«Enfin une votation à objet culturel passe le cap!» L’exclamation est de Charles Beer qui, comme ministre cantonal de la Culture, a suivi de près, hier, le vote des habitants de la ville de Genève. Ceux-ci ont approuvé à 67% l’agrandissement du Musée d’ethnographie de Genève (MEG), combattu par référendum, malgré le soutien de tous les partis. Le front du refus émanait surtout du voisinage du musée, ému de voir disparaître la trentaine de tilleuls qui ornent l’actuel parvis de l’institution. C’est sur, et plus largement sous cette esplanade qu’est prévue cette extension.
Avec une participation de 36,1%, le scrutin a peu mobilisé. Le vote des quartiers est assez homogène: l’acceptation va de 62,4% (Prieuré-Sécheron) à 72,4% (Cité-Rive). Le oui s’avère plus timide dans les zones populaires, à l’image de Mail-Jonction où se trouve le MEG, qui approuve à 64,6%: un peu moins que la moyenne communale.
«Les référendaires nous ont permis d’asseoir ce projet sur une volonté populaire claire et d’améliorer le projet d’esplanade», remercie Rémy Pagani, magistrat municipal chargé des Constructions. La Ville a végétalisé le projet de parvis, qui montrait initialement une nudité minérale. «L’Exécutif, qui se prévaut de concertation, a fait preuve d’un déficit de communication envers les gens du quartier qui étaient à peine informés», critique pour sa part Florence Kraft Babel, candidate libérale à la mairie.

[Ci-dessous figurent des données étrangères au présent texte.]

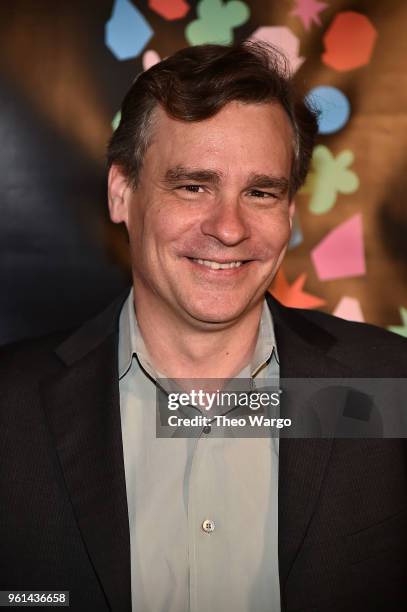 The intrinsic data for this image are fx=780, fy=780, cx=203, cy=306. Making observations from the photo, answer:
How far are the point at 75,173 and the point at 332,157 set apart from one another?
2.26 ft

Magistrat chargé de la Culture, Patrice Mugny se félicite que «le peuple ait compris que ce musée est un enjeu culturel important». Le Vert espère qu’il en
ira de même avec la Nouvelle Comédie, l’extension du Musée d’art et d’histoire et la rénovation de l’Alhambra. L’extension du MEG est le fruit d’un long feuilleton. Quatre projets aboutis ont avorté depuis les années?70. Le dernier en date, place Sturm, a été rejeté à 62% en 2001.
Cette fois, le projet bénéficiait de l’appui de toute la classe politique, unanimement réjouie hier, mais se heurte malgré tout à un tiers de refus. «Il y a à Genève un réservoir d’opposition qui va bien au-delà, relativise Patrice Mugny. Les référendaires ont fait le plein de la totalité des quérulents, en plus de ceux qui, en toute légitimité, combattaient l’abattage des arbres.»

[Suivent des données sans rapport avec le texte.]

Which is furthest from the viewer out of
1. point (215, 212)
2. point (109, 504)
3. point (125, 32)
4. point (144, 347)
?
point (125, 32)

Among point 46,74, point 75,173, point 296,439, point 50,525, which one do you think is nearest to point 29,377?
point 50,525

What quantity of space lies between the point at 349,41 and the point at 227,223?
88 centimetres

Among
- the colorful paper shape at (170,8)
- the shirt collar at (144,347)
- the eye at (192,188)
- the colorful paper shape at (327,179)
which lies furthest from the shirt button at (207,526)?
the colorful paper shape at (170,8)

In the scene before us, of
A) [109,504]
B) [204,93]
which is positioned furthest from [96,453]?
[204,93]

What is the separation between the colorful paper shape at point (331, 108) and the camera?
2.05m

Vu leurs maigres moyens et le manque total d’appui politique, les référendaires relativisent leur échec. «Ce 33% désigne un malaise contre tous les abattages qui ont lieu à Genève et contre des mesures de compensation qui n’en sont pas», a déclaré leur chef de file Séverin Brocher hier sur Léman Bleu. L’association Sauvons nos arbres compte combattre les coupes envisagées avec la réfection de la plaine de Plainpalais. Selon le Service des espaces verts de la Ville, ces plantes sont très atteintes.
Chantier imminent
Tronçonneuses et machines de terrassement débarqueront au musée dans un mois. Les autorisations sont en force.
L’espace d’exposition ferme ses portes aujourd’hui. «On peut commencer à planifier le travail avec l’équipe du MEG et nos partenaires, se réjouit le directeur du MEG, Boris Wastiau. On espère avoir les clés en décembre?2013 et rouvrir environ dix mois plus tard.» En attendant, le musée poursuit ses activités dans son annexe de Conches.

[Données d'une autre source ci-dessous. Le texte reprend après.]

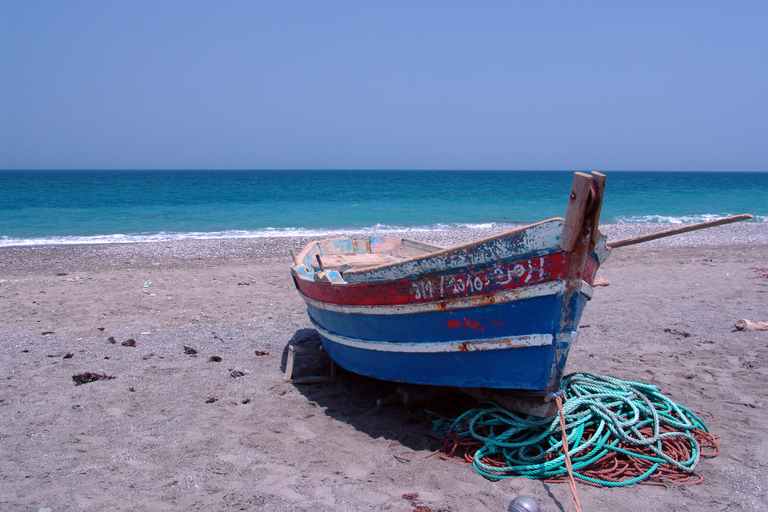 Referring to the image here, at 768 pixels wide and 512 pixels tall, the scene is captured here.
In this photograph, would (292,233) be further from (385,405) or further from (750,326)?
(750,326)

Devisé à 63,4?millions de francs, le projet est financé par la Ville à 59%. Le solde provient d’un legs, des Communes et du Canton qui donne 10?millions. «Il devient obsolète d’envisager la participation de l’Etat sous forme de subvention pour un projet dont le rayonnement est véritablement cantonal», a toutefois averti hier Charles Beer.